Christian Chartier 1, Lisa Gfrerer 1, William G Austen Jr 1,
PMCID: PMC8205215  PMID: 34150426

Summary:

Retrospective chart review (RCR) is the process of manual patient data review to answer research questions. Large and heterogeneous datasets make the RCR process time-consuming, with potential to introduce errors. The authors therefore designed and developed ChartSweep to expedite the RCR process while remaining faithful to its methodological rigor. ChartSweep is an open-source tool that can be customized for use with any electronic health record system. ChartSweep was developed by the authors to extract information from electronic health records using the Python coding language. As proof-of-concept, the tool was tested in three studies: RCR1—Identification of subjects who underwent radiofrequency ablation in a cohort of patients who had undergone headache surgery (n = 172); RCR2—Identification of patients with a diagnosis of thoracic outlet syndrome in patients who underwent peripheral neuroplasty (n = 806); RCR3—Identification of patients with a history of implant illness or breast implant-associated anaplastic large cell lymphoma in patients who had undergone implant-based breast augmentation or reconstruction (n = 1133). Inter-rater reliability was assessed. ChartSweep reduced the time required to conduct RCR1 by 1315 minutes (21.9 hours), RCR2 by 1664 minutes (27.7 hours), and RCR3 by 2215 minutes (36.9 hours). Inter-rater reliability was uncompromised (k = 1.00). Open-source Python libraries as leveraged by ChartSweep significantly accelerate the RCR process in plastic surgery research. Quality of data review is not compromised. Further analyses with larger, heterogeneous study populations are required to further validate ChartSweep as a research tool.

INTRODUCTION

Retrospective chart review (RCR) is the process of manual patient data review to answer research questions. Although widely used in peer-reviewed clinical studies, there is no consensus on the best method of conducting RCR.1,2 In its original form, the RCR process involves data extraction using pen and paper from a physical chart. Poor quality control and inter-rater variability/ subjectivity are disadvantages of this form of RCR and are compounded in studies with large patient populations and heterogeneous data.3 The advent of electronic health records (EHRs) and a wide array of advanced data extraction software packages has shifted modern RCR to the electronic setting. The value proposition of EHR management systems is to efficiently and safely document patient and disease progress, support disease management, facilitate coding for research and billing and ease provider-patient and inter-provider communication.4,5 RCR in the EHR setting is more centralized, and cost-effective, and less error-prone. Nonetheless, lack of standardization remains a flaw of RCR in the current technological environment.5

Certain research variables such as laboratory values and other numeric test results are easier to interpret with RCR than operator-dependent and heterogeneous variables such as surgical reports/clinic notes/free text. This makes RCR particularly difficult in surgical disciplines, where large databases can be unstructured, with pertinent clinical information buried in plain text narrative. Recently, data scientists versed in natural language processing (NLP), a sub-field of machine learning and artificial intelligence (AI), have proposed applications to more easily analyze EHRs.610 These platforms leverage data from millions of patient files to interpret medical language and reach meaningful conclusions with less time spent reviewing individual EHRs. However, these innovative uses of technology have largely not yet reached commercialization.11 Therefore, there is a big need to rethink RCR methodology as we use it today to process large heterogeneous datasets and produce reliable outputs/insights fast. Streamlining RCR in surgical disciplines will allow more time to be spent on study design and data analysis.

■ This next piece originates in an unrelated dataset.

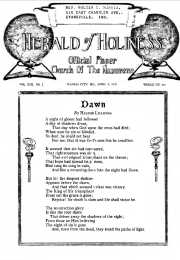 Front page of Herald of Holiness - April 9, 1930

The authors therefore designed and developed ChartSweep, a HIPAA-compliant Windows (Microsoft Corporation, Wash.) and Mac (Apple Inc., Calif.) application leveraging the Python coding language to streamline and expedite the RCR process while remaining faithful to its methodological rigor as outlined by Matt and Matthew.5,12 ChartSweep is a free tool available to researchers upon request and can be customized for use with any EHR system, though it has currently only been used on Epic EMR (Epic Systems Corporation, Wis.).

METHODS

We performed three RCR studies with increasing patient numbers: RCR 1—identification of subjects who underwent radiofrequency ablation in a cohort of patients who had undergone trigger site deactivation surgery (n = 172); RCR 2—identification of patients with a diagnosis of TOS in patients who underwent peripheral neuroplasty (n = 806); RCR 3—identification of patients with a history of implant illness or breast implant-associated anaplastic large cell lymphoma (BIA-ALCL) in patients who had undergone implant-based breast augmentation or reconstruction (n = 1133).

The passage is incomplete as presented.